Note that -ex "hammer-parse-stop-at-pos 50" is not strictly necessary, but by default the tool will print memory stats and exit.

To enable the GUI, in the gdb console:

(gdb) source /path/to/gui.py"

NOTE: If an error occurs, the GUI state will not get cleaned up properly. A "Parser Visualization" window will still be spawned, with widgets missing. Before invoking the GUI script again, make sure these windows are closed. This will clean up GUI state, and the script can be invoked again.

Tests

gdb -ex "source /path/to/utility-commands.py" -ex "hammer-parse-stop-at-pos 50" -ex "source /path/to/parser-type-instrumentation-gdb.py" -ex "source /path/to/parser-name-instrumentation-gdb.py" -ex "source /path/to/tests/unit/parser-envs-pdf.py" --args /path/to/pdf /path/to/input.pdf

Commands

The tool is in an experimental stage. The interface is liable to change.

Execution control

hammer-parse-stop-at-pos <number>

Stops execution once the parsing process reaches past position <number> in the input stream. Two caveats: since parsers can consume more than one byte, the argument given is a lower bound of the actual stop position. Additionally, if a parser consumes enough input to reach the requested position, but would later fail, execution is stopped when position <number> is reached.

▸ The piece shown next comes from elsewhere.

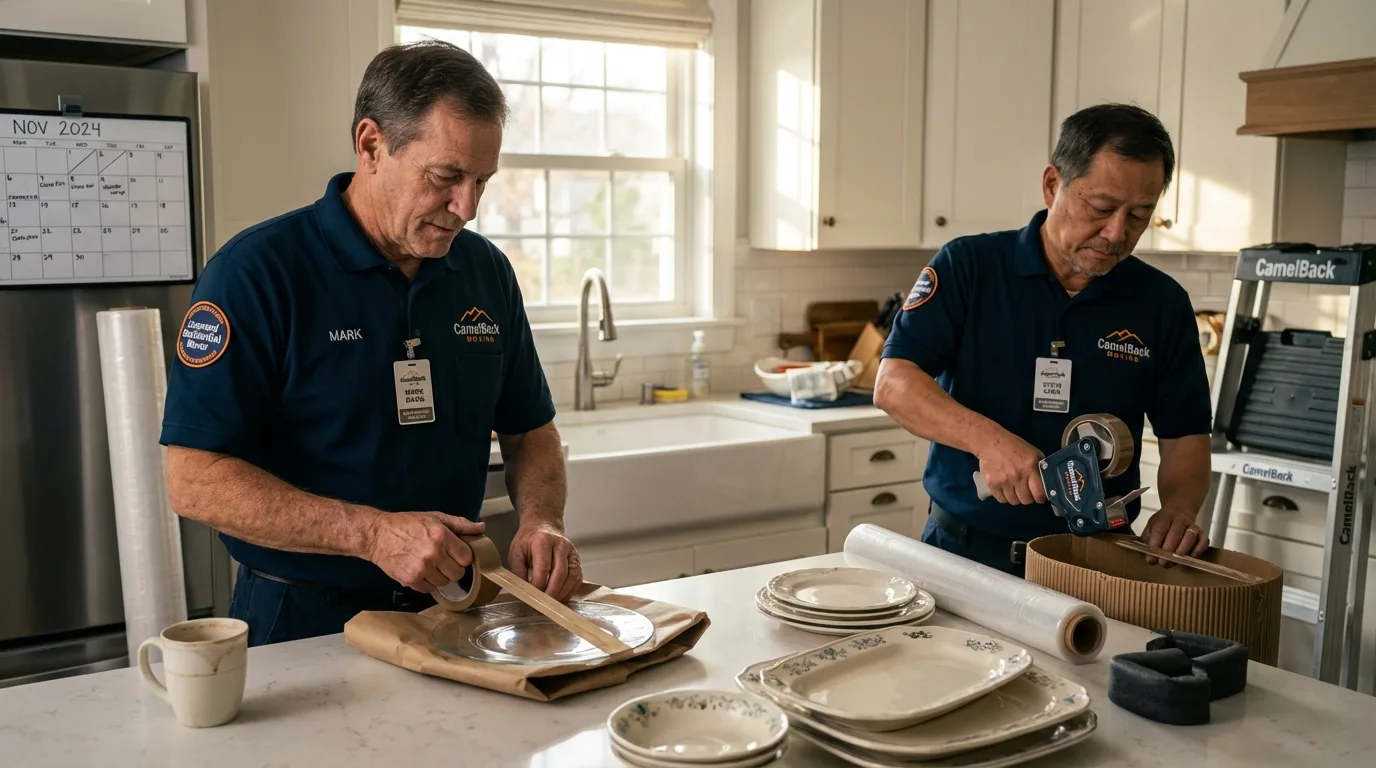 Professional crew packing kitchen dishware in Lyons, NY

hammer-parse-step [number]

Advance the parsing process by calling the next [number] parsers on the input (according to the declared H_RULEs). For example, given:

H_RULE(a, h_uint8());
H_RULE(b_2, h_uint16());
H_RULE(b, h_sequence(b_2, b_2, NULL));

H_RULE(a_b, h_sequence(a, b, NULL));

Stopping at a_b and invoking the command 4 times will stop at the applications of the following parsers:

a, b, b_2, b_2

Stopping at a_b and invoking hammer-parse-step 2 two times would result in the following list:

b, b_2

(Skipping over a and the first application of b_2.)

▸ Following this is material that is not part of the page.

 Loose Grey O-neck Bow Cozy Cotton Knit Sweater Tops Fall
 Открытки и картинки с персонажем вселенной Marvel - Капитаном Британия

This is not equivalent to advancing the input stream by [number] bytes, rather, it is equivalent to running until the next [number] pushes on the parser stack. See also hammer-parser-backtrace.

If the GDB parameter "hammer-extended-parse-step-info" is set to "on", it will also invoke hammer-parser-backtrace and hammer-parser-preview-input.

hammer-parse-continue

Alias of GDB continue. May change later.

hammer-parse-apply

Applies the current parser and prints the HParseResult. More precisely:

Steps execution until the "current" parser (the one h_do_parse() has been called on at the time of command execution) returns its result. Thereafter, it steps to the next invocation of h_do_parse, and optionally prints the parser stack and input preview, as with hammer-parse-step.

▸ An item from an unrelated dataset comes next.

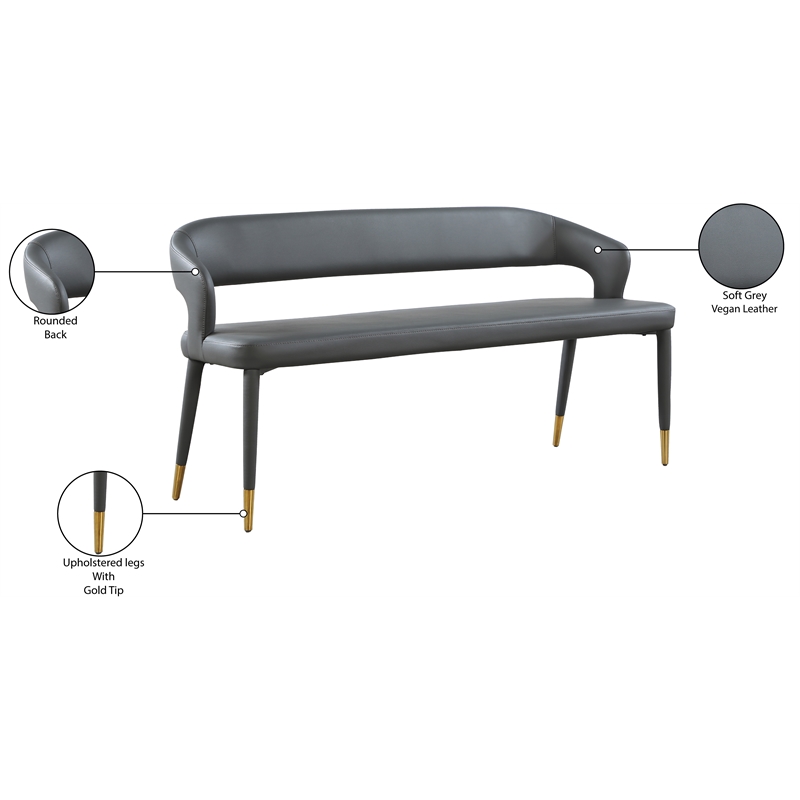 Maklaine Modern / Contemporary Soft Gray Vegan Leather Bench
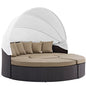 Convene Canopy Outdoor Patio Daybed, Brown, Rattan 10469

In terms of call stack navigation, this is roughly analogous to executing finish to step out of the current stack frame, followed by stepping into the next function call. (With the difference, that this commands steps between "frames" of the parser stack)

hammer-parse-step-to-result <number>

Select a parser on the stack, step to when it returns its result, and print it.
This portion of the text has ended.